Exhibit 99.(d)(1)(i)
XXXXXXX X. XXXXXXXXX FUND, INC.
AMENDMENT NO. 2 TO INVESTMENT MANAGEMENT AGREEMENT
AMENDMENT NO. 2, dated as of February 22, 1999, between XXXXXXX X.
XXXXXXXXX FUND, INC., a Maryland Corporation (the "Fund"), on behalf of the
Xxxxxxxxx International Value Portfolio (the "Portfolio"); and XXXXXXX X.
XXXXXXXXX & CO., INC., a New York corporation (the "Adviser" or "Xxxxxxxxx").
Pursuant to the Investment Management Agreement dated as of March 18,
1992 (as amended from time to time, the "Investment Management Agreement")
between the Fund, on behalf of the Portfolio, and the Adviser, the Fund, on
behalf of the Portfolio, has agreed to compensate the Adviser for the services
it performs for, and the facilities and personnel it provides to, the Portfolio.
The Adviser and the Fund, on behalf of the Portfolio, wish to amend the
Investment Management Agreement to modify such compensation. Accordingly, the
parties hereto hereby agree as follows:
1. Section 5 of the Investment Management Agreement is hereby amended
to read in its entirety as follows:
"5. Compensation. As compensation for the services performed and the
facilities and personnel provided by the Adviser pursuant to Section 1 of
this Agreement, the Fund, on behalf of the Portfolio, will pay the
Adviser, promptly after the end of each month:
a) Prior to the transfer of tax-exempt shareholders to the new
International Value Portfolio II pursuant to the Portfolio Division
described in the Fund's Prospectus dated February 1, 1999 (the
"Portfolio Division"):
i) A fee assessed at annual rate of 1% of the Portfolio's average
daily net assets that is up to but not exceeding $2,000,000,000;
and
ii) A fee assesed at an annual rate of .90 of 1% of the amount of the
Portfolio's average daily net assets that exceeds $2,000,000,000.
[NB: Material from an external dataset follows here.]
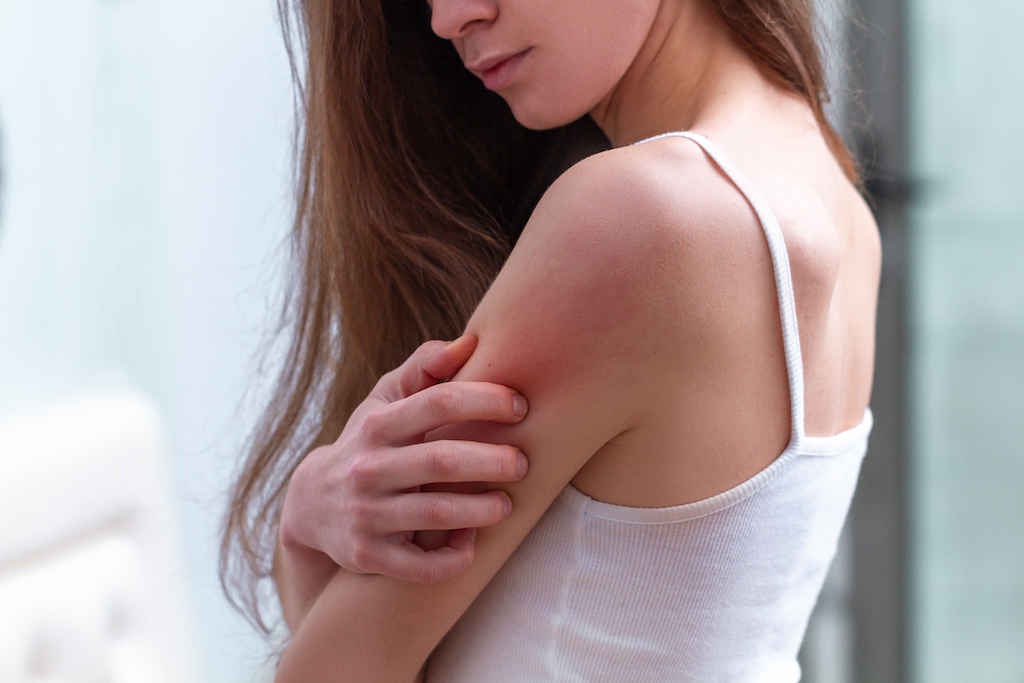 Girl Itching Eczema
b) Following the Portfolio Division:
i) A fee assessed at annual rate of 1% of the Portfolio's average
daily net assets that is up to but not exceeding $1,000,000,000;
and
ii) A fee assessed at an annual rate of .90 of 1% of the amount of
the Portfolio's average daily net assets that exceeds
$1,000,000,000.
If the Adviser shall serve hereunder for less than the whole of any
month, the fee hereunder shall be prorated."
2. Except as herein provided, the Investment Management Agreement shall
remain in full force and effect.
IN WITNESS WHEREOF, the Fund, on behalf of the Portfolio, and the
Adviser have caused this Amendment No. 2 to be executed by their duly authorized
officers as of the date first above written.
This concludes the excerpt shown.